Unas cuantas personas se rieron en voz alta, aunque la mayoría se limitó a soltar una leve risilla o no dijo nada. Al principio Christine temió que aquellos hombres corrieran peligro al expresar abiertamente sus opiniones pero luego se dio cuenta de que en el refugio no había nadie de las Juventudes Hitlerianas. Por otra parte, acaso el aislamiento del refugio antiaéreo y el electrizante miedo a una muerte inminente les hubiera dado aquella repentina sensación liberadora. El que había hecho el chiste sobre Goering se puso de pie; llevaba una estrella amarilla en la chaqueta.
—Los nazis dicen que los problemas de Alemania se deben a los judíos —dijo—. Pero ¿a quién le echarán la culpa cuando se hayan deshecho de nosotros?
—Siéntese, anciano —contestó una mujer—. Ya tiene usted bastantes dificultades.
Entonces Herr Weiler se levantó del banco y echó una mirada a su alrededor; su lustrosa cara relucía al débil resplandor amarillo de los faroles.
—Este es mi sótano de las patatas —dijo, mientras escudriñaba a la gente—. Aquí dentro no somos más que alemanes. Si no les gusta a ustedes esa norma, búsquense otro sitio para esconderse.

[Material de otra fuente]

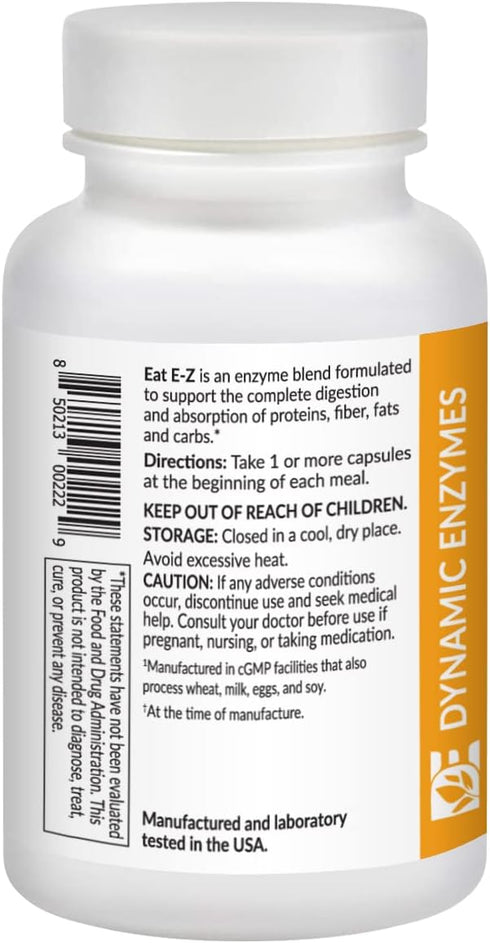 Eat E-Z Digestive Enzymes (90 Count) for Gut Health; Anti-Bloating; Digestive Enzyme for Immune Support...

Después de eso, todo el mundo se quedó callado de nuevo. Un esporádico cañoneo y unos gritos lejanos interrumpían a veces el silencio de fuera. Herr Weiler y el judío se quedaron junto a la puerta de madera, dos viejos dispuestos a defender el refugio lleno de mujeres y niños. Tras una hora entera de calma, marcada por el sordo golpeteo de distantes bombas que daban en el blanco, un prolongado toque de sirena anunció el final de la alarma. La familia de Christine y los demás vecinos del pueblo salieron con cautela del refugio, parpadeando y con expresión recelosa.
Sobre algunas zonas alejadas del pueblo se elevaba un humo negro y, en dirección a la base aérea, el caliginoso resplandor de los incendios enrojecía el oscuro cielo. Pero la parte de la ciudad donde ellos se encontraban parecía no haber sufrido daños.
Tras darle el brazo a Oma y coger la mano de Karl, Christine siguió al resto de su familia por las calles sembradas de papel quemado y tejas por todas partes. Una ahumada luna en cuarto creciente iluminaba con su tenue brillo el acribillado enlucido de las casas más próximas, así como las puertas de madera y los maceteros que el fuego antiaéreo y la metralla habían acribillado.
Cuando llegaron a mitad de la cuesta, Mutti se detuvo en medio de la calle y bajó la cabeza en una silenciosa plegaria. La casa no había sufrido daño. Al acercarse más, vieron metralla en los postigos, pero el tejado y las paredes estaban intactos, igual que los establos y las casas de los alrededores. Una vez dentro, Mutti encendió la lumbre en la hornilla de la cocina mientras la sombría familia se reunía en torno a la rinconera. Después de beber una taza de leche de cabra para tranquilizarse, todos volvieron a sus cuartos.
Una hora más tarde Christine seguía despierta y con la vista clavada en el techo, rezando para que Isaac y su familia hubieran sobrevivido al ataque aéreo. Intentaba olvidar las últimas horas pasadas en el refugio: las opresivas paredes, el frío helador, el implacable miedo. En su lugar, trataba de recordar el día de la colina con Isaac; se imaginaba el calor de su mano en la de ella, la suave piel de sus labios. Intentó relajar los músculos y respirar despacio y profundamente. Por fin empezó a quedarse dormida, y en su cabeza aparecieron sueños de soleadas praderas y rebaños de ovejas. Isaac la perseguía… Y Christine abrió de golpe los ojos. La sirena antiaérea sonaba de nuevo.